Repeat every line of the data exactly; the pictures stay out.

▬▬▬▬▬▬▬▬▬▬

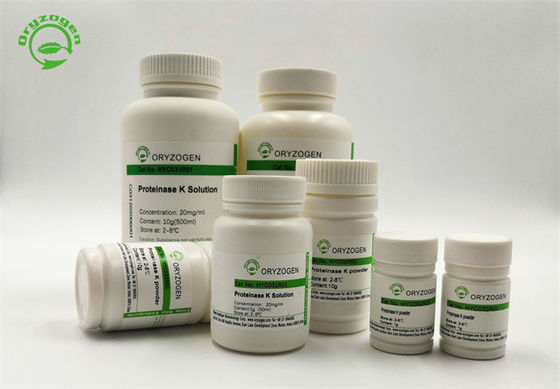 Nukleinsäure-Extraktions-Recombinant Proteinase K 29kD ProK 39450-01-6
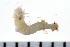  ( - 08PROBE-0198)  @12 [ ] CreativeCommons - Attribution (2010) Unspecified Centre for Biodiversity Genomics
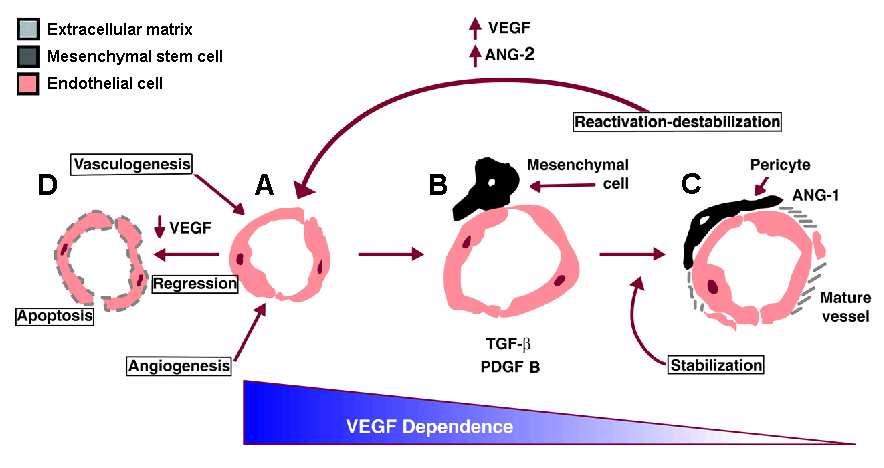 Figure 1.3: Formation of immature vasculature. (A) Endothelial tubes form by vasculogenesis or angiogenesis. Long-term exposure to VEGF results in vessel regression (D).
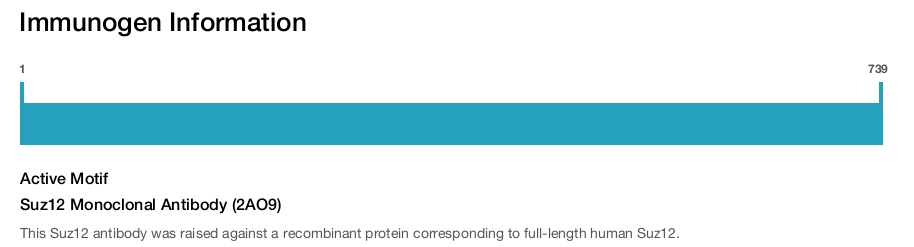 Suz12 Monoclonal Antibody (2AO9)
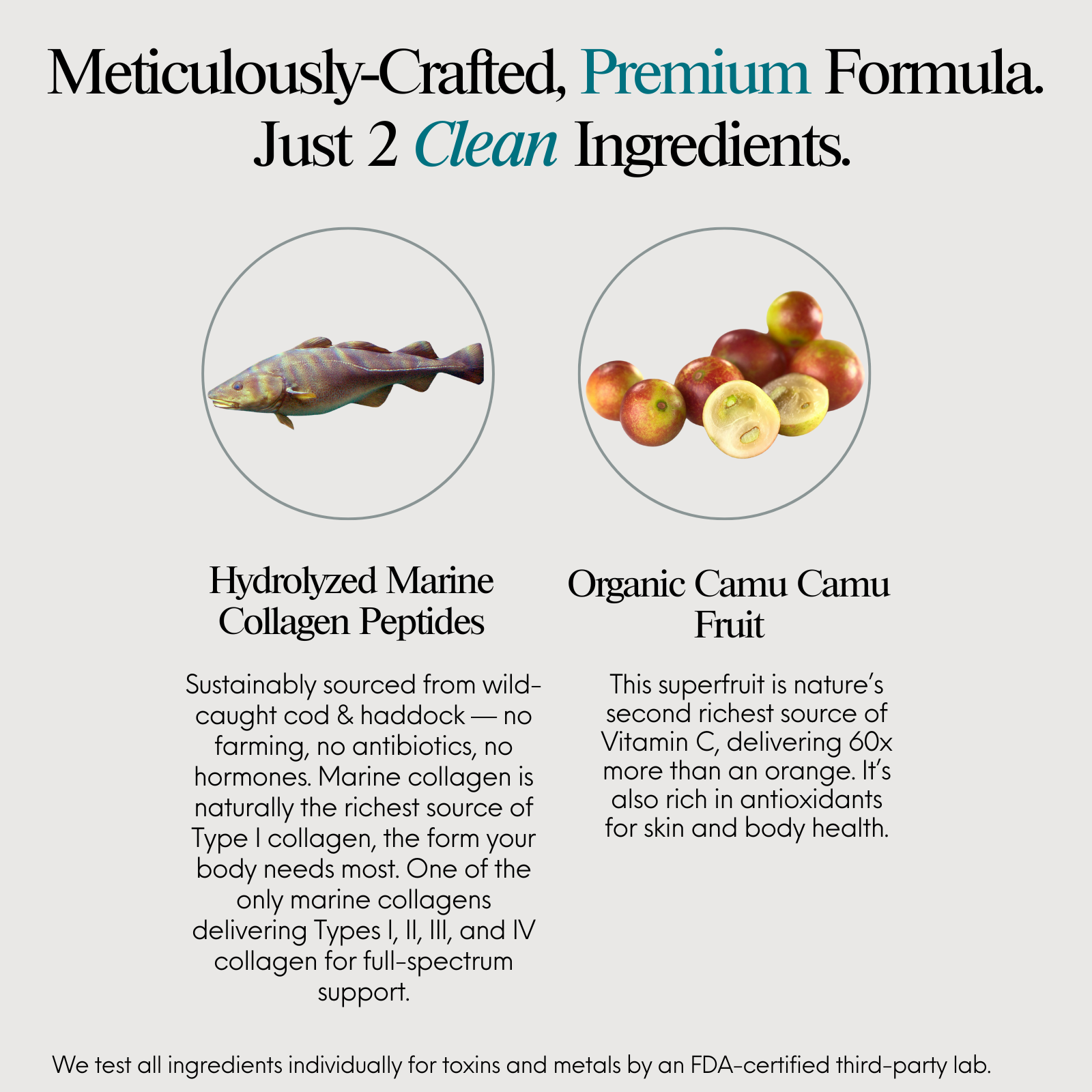 Premium Marine Collagen Peptides Powder, Unflavored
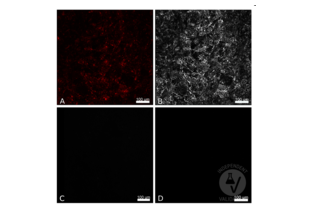 Immunofluorescence validation image for anti-Red Fluorescent Protein (RFP) antibody (ABIN1043867)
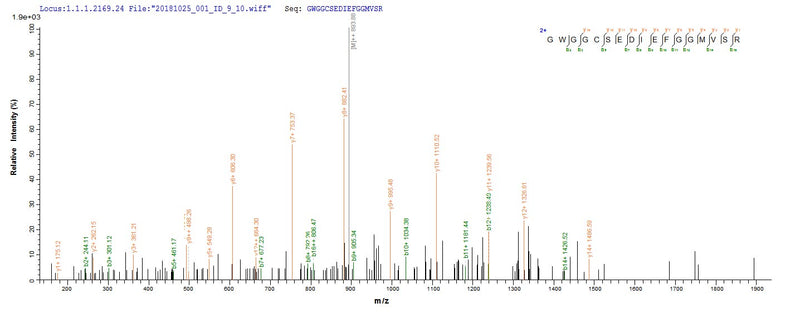 Based on the SEQUEST from database of E.coli host and target protein, the LC-MS/MS Analysis result of this product could indicate that this peptide derived from E.coli-expressed Homo sapiens (Human) WNT3A.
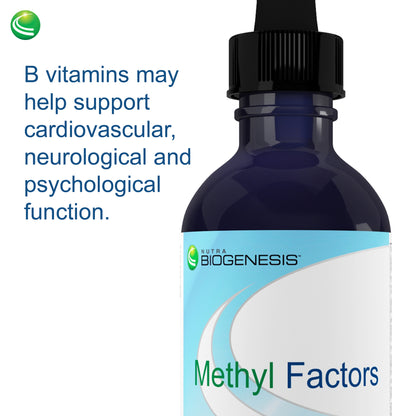 Nutra BioGenesis - Methyl Factors - B12 and Methyl Folate to Help Support Brain and Cardiovascular Health - Berry Flavor - 2 Ounce
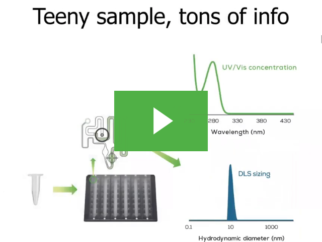 Tag, you’re it! Spot when labeling causes aggregation for your proteins with Stunner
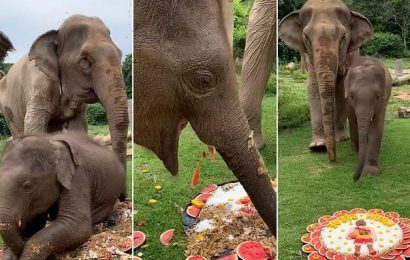 Adorable clip of Elephant making a mess while eating a cake goes viral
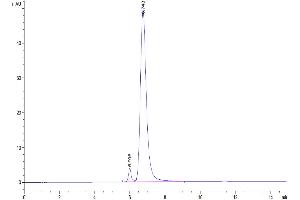 Size-exclusion chromatography-High Pressure Liquid Chromatography (SEC-HPLC) image for CD3 epsilon (CD3E) (AA 23-48) protein (Fc-Avi Tag,Biotin) (ABIN7274154)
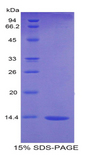 VEGFD Protein - Recombinant Vascular Endothelial Growth Factor D (VEGFD) by SDS-PAGE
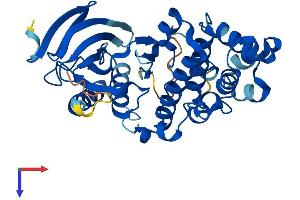 MAPK11 Protein (AA 1-364) (His tag)
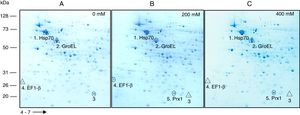 Analysis of total protein extracts from yeast cells of S. schenckiisensu stricto by 2D-PAGE in a pH 4–7 gradient in gels stained with colloidal Coomassie Blue, after exposure to 0 (A), 200 (B) and 400 (C) mM H2O2. Spots marked with circles and triangles correspond to up- and down-regulated proteins, respectively, with respect to the reference condition. kDa, kilodalton.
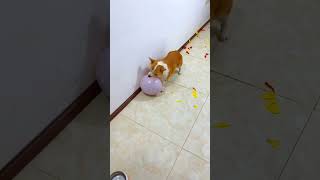 Dog balloon crack challenge part 3 shorts short trending viralshorts respect sad tamil facts [upl. by Jervis206]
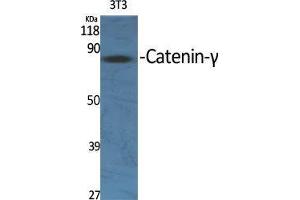 Western Blot (WB) analysis of specific cells using Catenin-gamma Polyclonal Antibody. (JUP Antikörper  (C-Term))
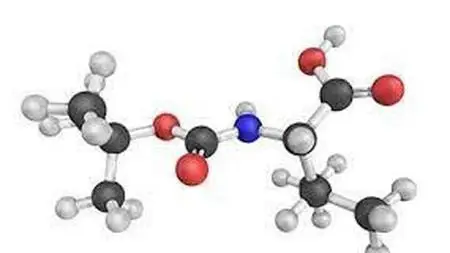 New Era Of Peptides In Treatment And Diagnosis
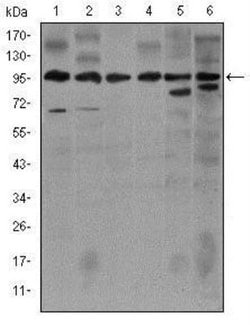 iNOS Antibody (4E5) - BSA Free, Novus Biologicals 0.025mL; Unlabeled:Antibodies,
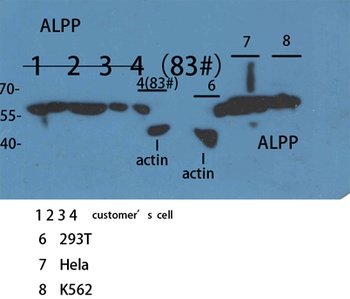 ALPP antibody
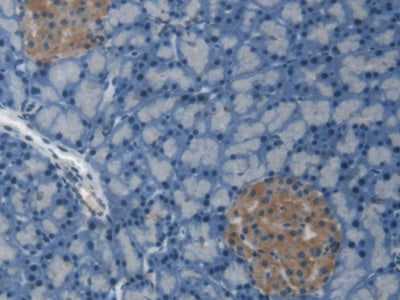 C-Peptide (CP) Monoclonal Antibody - image 2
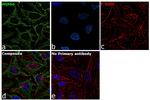 HSP60 Antibody in Immunocytochemistry (ICC/IF)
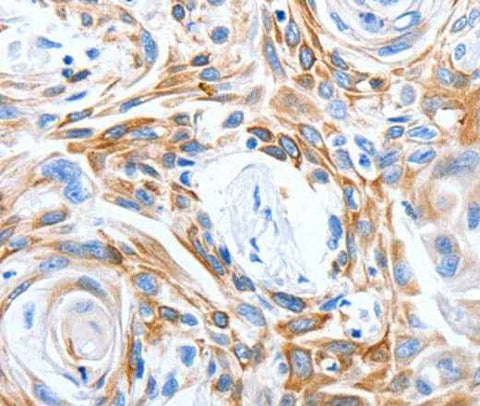 Anti-Human LRIG3 Antibody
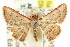  (Enispa rhodopleura - CCDB-15851-B09)  @14 [ ] CreativeCommons - Attribution (2011) ANIC/CBG Photography Group Centre for Biodiversity Genomics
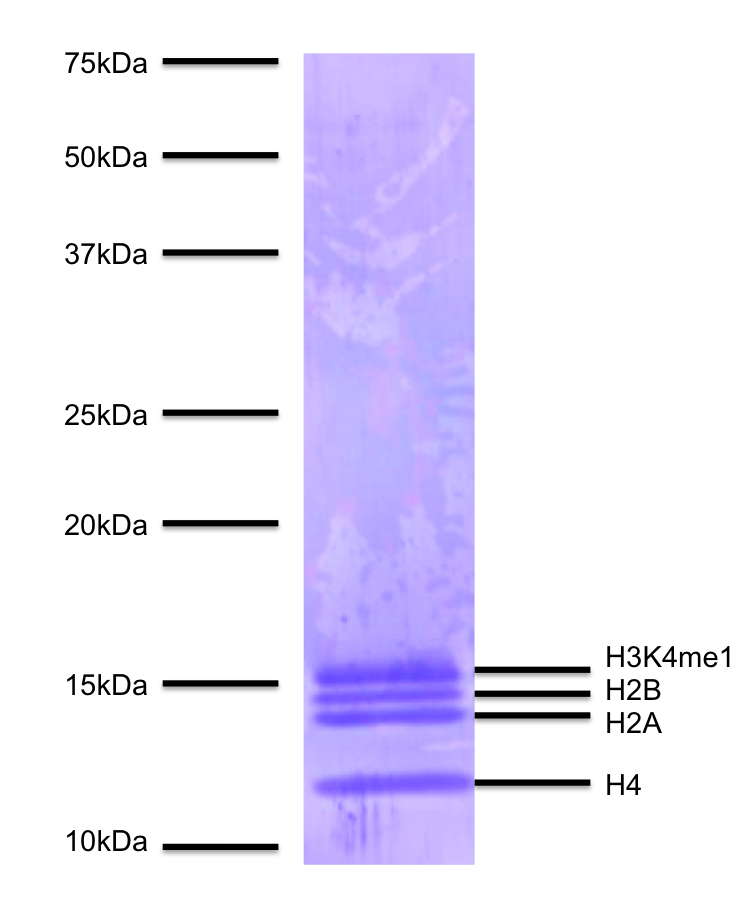16-0321 Protein Gel Data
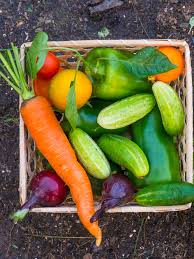 Sunlight is important to the vegetable's development and carrots that do not receive the proper amount of sunlight produce poor crop yields. Growing A Vegetable Garden Might Be Just What You Need During The Coronavirus Crisis Architectural Digest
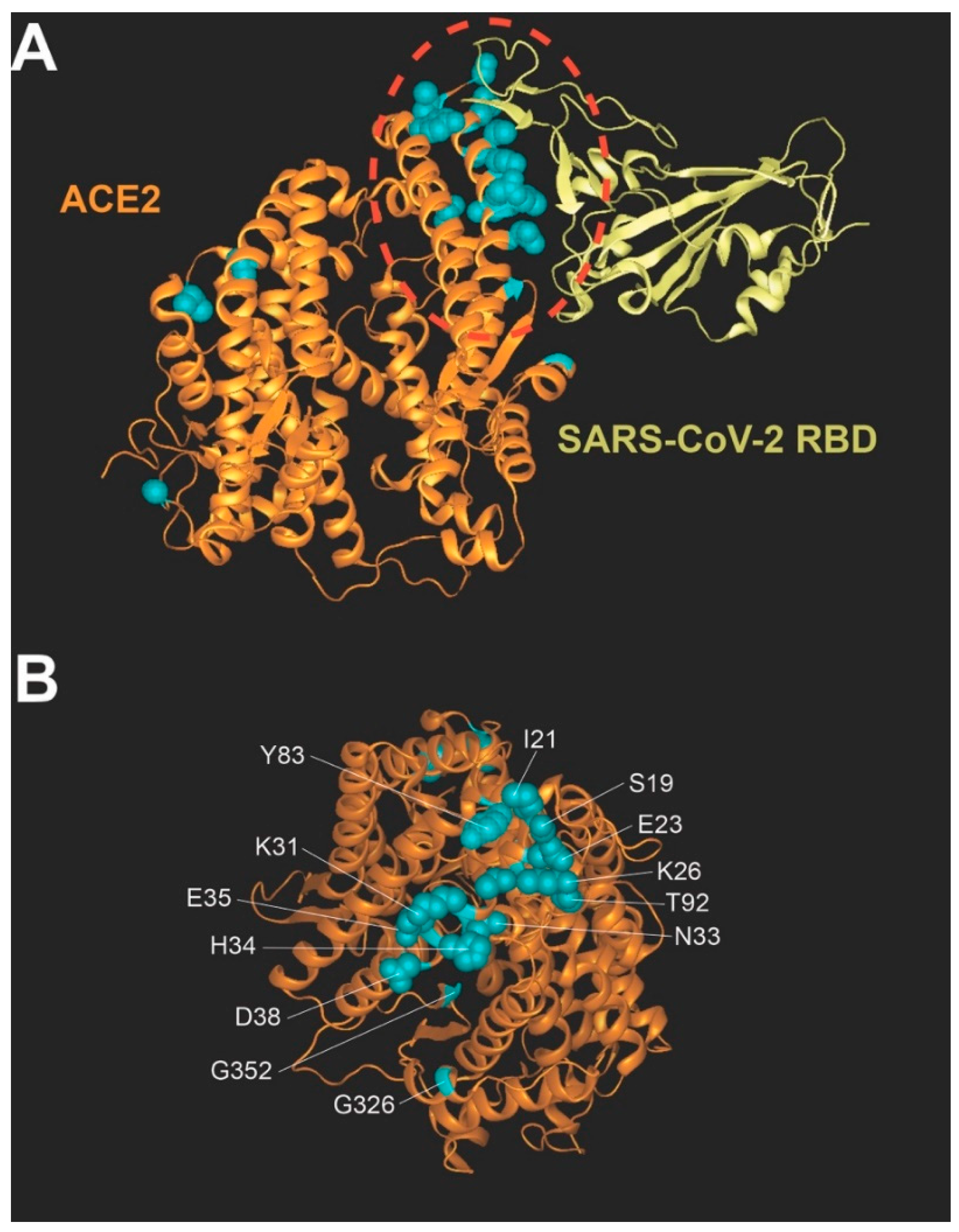 Viruses 14 01451 g001 550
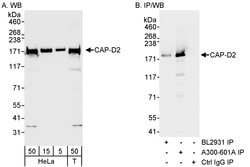 CAP-D2 Rabbit anti-Human, Polyclonal, Bethyl Laboratories 100 &mu;L; Unconjugated:Antibodies,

▬▬▬▬▬▬▬▬▬▬

[Task response]
 Nukleinsäure-Extraktions-Recombinant Proteinase K 29kD ProK 39450-01-6
  ( - 08PROBE-0198)  @12 [ ] CreativeCommons - Attribution (2010) Unspecified Centre for Biodiversity Genomics
 Figure 1.3: Formation of immature vasculature. (A) Endothelial tubes form by vasculogenesis or angiogenesis. Long-term exposure to VEGF results in vessel regression (D).
 Suz12 Monoclonal Antibody (2AO9)
 Premium Marine Collagen Peptides Powder, Unflavored
 Immunofluorescence validation image for anti-Red Fluorescent Protein (RFP) antibody (ABIN1043867)
 Based on the SEQUEST from database of E.coli host and target protein, the LC-MS/MS Analysis result of this product could indicate that this peptide derived from E.coli-expressed Homo sapiens (Human) WNT3A.
 Nutra BioGenesis - Methyl Factors - B12 and Methyl Folate to Help Support Brain and Cardiovascular Health - Berry Flavor - 2 Ounce
 Tag, you’re it! Spot when labeling causes aggregation for your proteins with Stunner
 Adorable clip of Elephant making a mess while eating a cake goes viral
 Size-exclusion chromatography-High Pressure Liquid Chromatography (SEC-HPLC) image for CD3 epsilon (CD3E) (AA 23-48) protein (Fc-Avi Tag,Biotin) (ABIN7274154)
 VEGFD Protein - Recombinant Vascular Endothelial Growth Factor D (VEGFD) by SDS-PAGE
 MAPK11 Protein (AA 1-364) (His tag)
 Analysis of total protein extracts from yeast cells of S. schenckiisensu stricto by 2D-PAGE in a pH 4–7 gradient in gels stained with colloidal Coomassie Blue, after exposure to 0 (A), 200 (B) and 400 (C) mM H2O2. Spots marked with circles and triangles correspond to up- and down-regulated proteins, respectively, with respect to the reference condition. kDa, kilodalton.
 Dog balloon crack challenge part 3 shorts short trending viralshorts respect sad tamil facts [upl. by Jervis206]
 Western Blot (WB) analysis of specific cells using Catenin-gamma Polyclonal Antibody. (JUP Antikörper  (C-Term))
 New Era Of Peptides In Treatment And Diagnosis
 iNOS Antibody (4E5) - BSA Free, Novus Biologicals 0.025mL; Unlabeled:Antibodies,
 ALPP antibody
 C-Peptide (CP) Monoclonal Antibody - image 2
 HSP60 Antibody in Immunocytochemistry (ICC/IF)
 Anti-Human LRIG3 Antibody
  (Enispa rhodopleura - CCDB-15851-B09)  @14 [ ] CreativeCommons - Attribution (2011) ANIC/CBG Photography Group Centre for Biodiversity Genomics
16-0321 Protein Gel Data
 Sunlight is important to the vegetable's development and carrots that do not receive the proper amount of sunlight produce poor crop yields. Growing A Vegetable Garden Might Be Just What You Need During The Coronavirus Crisis Architectural Digest
 Viruses 14 01451 g001 550
 CAP-D2 Rabbit anti-Human, Polyclonal, Bethyl Laboratories 100 &mu;L; Unconjugated:Antibodies,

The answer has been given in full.